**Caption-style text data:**

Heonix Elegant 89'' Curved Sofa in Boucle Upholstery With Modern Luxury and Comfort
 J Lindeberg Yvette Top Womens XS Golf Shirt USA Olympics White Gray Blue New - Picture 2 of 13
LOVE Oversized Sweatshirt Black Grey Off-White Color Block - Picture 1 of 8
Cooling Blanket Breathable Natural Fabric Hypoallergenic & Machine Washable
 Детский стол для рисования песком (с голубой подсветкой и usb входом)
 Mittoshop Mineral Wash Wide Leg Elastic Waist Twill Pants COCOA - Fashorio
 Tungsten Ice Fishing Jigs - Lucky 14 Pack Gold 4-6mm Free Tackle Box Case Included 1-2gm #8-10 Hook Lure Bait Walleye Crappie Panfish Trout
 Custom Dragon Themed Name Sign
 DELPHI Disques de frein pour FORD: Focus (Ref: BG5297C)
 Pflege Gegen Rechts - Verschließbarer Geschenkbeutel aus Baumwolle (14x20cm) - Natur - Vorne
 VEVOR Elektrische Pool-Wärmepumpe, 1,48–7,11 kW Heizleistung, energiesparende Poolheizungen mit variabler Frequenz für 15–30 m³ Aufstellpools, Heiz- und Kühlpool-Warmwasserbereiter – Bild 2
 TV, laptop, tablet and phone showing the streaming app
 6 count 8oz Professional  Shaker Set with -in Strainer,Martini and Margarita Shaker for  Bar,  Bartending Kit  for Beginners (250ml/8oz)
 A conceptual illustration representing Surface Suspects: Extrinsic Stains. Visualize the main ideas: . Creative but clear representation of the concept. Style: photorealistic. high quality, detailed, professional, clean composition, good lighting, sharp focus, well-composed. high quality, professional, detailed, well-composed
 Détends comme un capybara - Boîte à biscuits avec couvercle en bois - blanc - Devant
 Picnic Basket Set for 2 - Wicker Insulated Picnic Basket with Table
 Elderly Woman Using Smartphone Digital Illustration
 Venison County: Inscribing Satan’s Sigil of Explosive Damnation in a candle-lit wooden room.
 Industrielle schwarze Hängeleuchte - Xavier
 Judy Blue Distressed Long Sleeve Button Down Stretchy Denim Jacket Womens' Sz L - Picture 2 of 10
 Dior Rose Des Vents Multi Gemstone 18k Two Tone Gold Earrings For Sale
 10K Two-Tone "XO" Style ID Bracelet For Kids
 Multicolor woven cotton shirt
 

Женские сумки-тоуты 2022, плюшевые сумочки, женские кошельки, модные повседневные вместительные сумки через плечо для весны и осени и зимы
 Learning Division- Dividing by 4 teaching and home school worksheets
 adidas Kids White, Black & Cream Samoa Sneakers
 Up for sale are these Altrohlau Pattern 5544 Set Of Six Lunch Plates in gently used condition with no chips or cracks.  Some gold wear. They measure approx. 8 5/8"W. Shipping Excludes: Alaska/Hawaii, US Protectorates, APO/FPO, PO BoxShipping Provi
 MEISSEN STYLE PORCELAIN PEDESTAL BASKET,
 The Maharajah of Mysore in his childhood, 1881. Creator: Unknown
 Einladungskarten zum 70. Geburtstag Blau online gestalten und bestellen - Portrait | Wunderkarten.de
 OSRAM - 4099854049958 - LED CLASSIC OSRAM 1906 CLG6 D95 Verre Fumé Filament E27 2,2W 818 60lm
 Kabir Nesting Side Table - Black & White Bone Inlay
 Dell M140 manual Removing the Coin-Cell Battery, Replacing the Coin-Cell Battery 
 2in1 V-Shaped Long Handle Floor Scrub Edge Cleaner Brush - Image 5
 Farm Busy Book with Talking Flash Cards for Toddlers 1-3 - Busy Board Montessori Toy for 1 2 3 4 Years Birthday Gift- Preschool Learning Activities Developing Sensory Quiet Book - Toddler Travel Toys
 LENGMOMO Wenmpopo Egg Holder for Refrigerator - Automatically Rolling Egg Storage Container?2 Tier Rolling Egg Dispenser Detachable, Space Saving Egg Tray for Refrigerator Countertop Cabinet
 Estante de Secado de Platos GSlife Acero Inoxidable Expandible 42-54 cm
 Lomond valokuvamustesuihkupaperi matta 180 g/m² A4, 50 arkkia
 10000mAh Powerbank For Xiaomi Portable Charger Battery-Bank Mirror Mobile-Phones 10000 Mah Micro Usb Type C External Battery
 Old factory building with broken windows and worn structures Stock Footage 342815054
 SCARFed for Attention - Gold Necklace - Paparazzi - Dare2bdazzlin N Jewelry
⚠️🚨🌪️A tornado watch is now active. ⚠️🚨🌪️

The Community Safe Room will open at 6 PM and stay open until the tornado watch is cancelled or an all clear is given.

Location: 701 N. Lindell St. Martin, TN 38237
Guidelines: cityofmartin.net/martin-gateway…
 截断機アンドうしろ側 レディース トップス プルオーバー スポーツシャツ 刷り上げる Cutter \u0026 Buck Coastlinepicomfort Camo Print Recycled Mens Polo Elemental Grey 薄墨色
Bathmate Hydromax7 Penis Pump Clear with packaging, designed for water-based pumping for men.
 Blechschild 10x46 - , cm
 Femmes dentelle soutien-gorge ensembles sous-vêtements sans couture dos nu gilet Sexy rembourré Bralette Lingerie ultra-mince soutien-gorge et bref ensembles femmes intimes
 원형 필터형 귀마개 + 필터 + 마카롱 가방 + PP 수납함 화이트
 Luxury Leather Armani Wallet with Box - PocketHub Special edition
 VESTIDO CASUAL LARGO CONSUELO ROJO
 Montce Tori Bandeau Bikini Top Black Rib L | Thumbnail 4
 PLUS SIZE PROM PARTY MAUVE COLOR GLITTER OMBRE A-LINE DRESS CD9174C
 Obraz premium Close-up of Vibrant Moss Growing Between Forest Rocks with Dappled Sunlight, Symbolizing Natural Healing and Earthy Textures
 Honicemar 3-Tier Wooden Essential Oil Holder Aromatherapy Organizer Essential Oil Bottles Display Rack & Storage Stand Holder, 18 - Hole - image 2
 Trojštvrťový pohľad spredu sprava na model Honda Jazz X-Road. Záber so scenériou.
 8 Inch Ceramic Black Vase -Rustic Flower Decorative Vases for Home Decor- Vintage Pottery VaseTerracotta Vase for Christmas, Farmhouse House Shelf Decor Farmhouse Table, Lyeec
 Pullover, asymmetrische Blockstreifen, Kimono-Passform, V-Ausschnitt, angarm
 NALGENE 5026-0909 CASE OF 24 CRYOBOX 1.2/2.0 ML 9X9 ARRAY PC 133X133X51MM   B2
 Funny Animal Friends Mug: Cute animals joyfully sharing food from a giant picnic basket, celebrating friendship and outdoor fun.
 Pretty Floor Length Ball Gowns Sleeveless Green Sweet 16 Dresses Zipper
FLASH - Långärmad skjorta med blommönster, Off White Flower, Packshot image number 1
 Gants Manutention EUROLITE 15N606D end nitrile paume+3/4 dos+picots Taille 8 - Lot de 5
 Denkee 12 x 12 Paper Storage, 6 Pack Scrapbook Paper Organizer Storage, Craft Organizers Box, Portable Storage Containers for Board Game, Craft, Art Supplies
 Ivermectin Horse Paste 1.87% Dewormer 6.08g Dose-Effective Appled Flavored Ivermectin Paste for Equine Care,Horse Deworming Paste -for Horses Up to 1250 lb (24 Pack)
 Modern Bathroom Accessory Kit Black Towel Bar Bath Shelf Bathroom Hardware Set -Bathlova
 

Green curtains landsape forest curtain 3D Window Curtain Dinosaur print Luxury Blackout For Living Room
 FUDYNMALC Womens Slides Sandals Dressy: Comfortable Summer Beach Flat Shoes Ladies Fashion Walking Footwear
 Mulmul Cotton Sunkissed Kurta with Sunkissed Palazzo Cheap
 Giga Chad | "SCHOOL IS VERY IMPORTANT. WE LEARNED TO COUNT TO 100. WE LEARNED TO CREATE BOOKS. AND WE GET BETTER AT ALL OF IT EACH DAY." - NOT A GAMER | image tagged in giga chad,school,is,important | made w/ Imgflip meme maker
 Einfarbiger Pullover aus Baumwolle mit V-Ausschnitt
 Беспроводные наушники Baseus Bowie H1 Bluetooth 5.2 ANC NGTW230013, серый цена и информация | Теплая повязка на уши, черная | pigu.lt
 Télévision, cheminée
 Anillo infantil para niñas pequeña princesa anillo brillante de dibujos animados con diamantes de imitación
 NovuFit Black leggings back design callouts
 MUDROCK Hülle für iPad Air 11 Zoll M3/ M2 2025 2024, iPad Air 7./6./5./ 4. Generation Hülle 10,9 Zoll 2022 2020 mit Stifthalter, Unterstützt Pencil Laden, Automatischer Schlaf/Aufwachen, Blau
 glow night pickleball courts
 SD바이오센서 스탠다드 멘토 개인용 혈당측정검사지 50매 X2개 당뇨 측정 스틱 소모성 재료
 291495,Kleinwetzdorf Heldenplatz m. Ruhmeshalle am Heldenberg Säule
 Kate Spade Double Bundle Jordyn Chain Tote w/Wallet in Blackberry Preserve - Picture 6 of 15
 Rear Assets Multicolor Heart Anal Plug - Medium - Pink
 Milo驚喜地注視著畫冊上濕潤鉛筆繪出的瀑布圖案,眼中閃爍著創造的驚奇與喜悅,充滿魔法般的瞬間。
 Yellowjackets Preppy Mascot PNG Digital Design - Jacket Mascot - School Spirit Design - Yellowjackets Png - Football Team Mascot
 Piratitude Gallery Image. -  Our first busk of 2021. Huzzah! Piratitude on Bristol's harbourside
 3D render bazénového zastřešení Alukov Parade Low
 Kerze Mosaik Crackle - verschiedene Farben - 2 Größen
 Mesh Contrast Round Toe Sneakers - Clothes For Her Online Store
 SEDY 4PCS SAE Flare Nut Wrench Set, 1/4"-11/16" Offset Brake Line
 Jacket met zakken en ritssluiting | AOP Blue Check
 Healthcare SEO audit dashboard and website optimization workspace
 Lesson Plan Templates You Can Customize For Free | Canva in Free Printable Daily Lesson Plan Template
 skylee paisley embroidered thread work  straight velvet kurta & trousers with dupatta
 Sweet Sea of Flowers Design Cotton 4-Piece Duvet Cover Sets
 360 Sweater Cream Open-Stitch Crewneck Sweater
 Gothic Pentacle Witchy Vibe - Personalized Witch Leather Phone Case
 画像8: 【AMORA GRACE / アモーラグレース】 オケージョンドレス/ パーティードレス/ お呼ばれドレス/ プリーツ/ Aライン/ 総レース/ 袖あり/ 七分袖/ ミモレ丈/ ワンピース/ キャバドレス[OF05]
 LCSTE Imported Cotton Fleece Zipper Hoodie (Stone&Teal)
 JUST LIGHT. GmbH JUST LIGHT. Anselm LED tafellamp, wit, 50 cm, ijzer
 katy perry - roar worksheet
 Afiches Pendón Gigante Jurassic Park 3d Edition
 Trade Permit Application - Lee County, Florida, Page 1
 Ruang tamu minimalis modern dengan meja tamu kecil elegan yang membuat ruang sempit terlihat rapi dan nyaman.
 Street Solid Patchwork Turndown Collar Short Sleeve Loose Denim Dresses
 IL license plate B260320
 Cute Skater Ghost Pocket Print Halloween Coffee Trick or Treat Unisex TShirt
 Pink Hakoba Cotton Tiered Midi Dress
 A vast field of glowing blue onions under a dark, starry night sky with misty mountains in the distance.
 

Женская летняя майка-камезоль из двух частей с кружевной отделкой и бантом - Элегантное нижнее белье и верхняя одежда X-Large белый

**Directions for this task:**
Answer with one number, namely the count of lines in the entries that include the word "Cream".

**Result for this task:**
2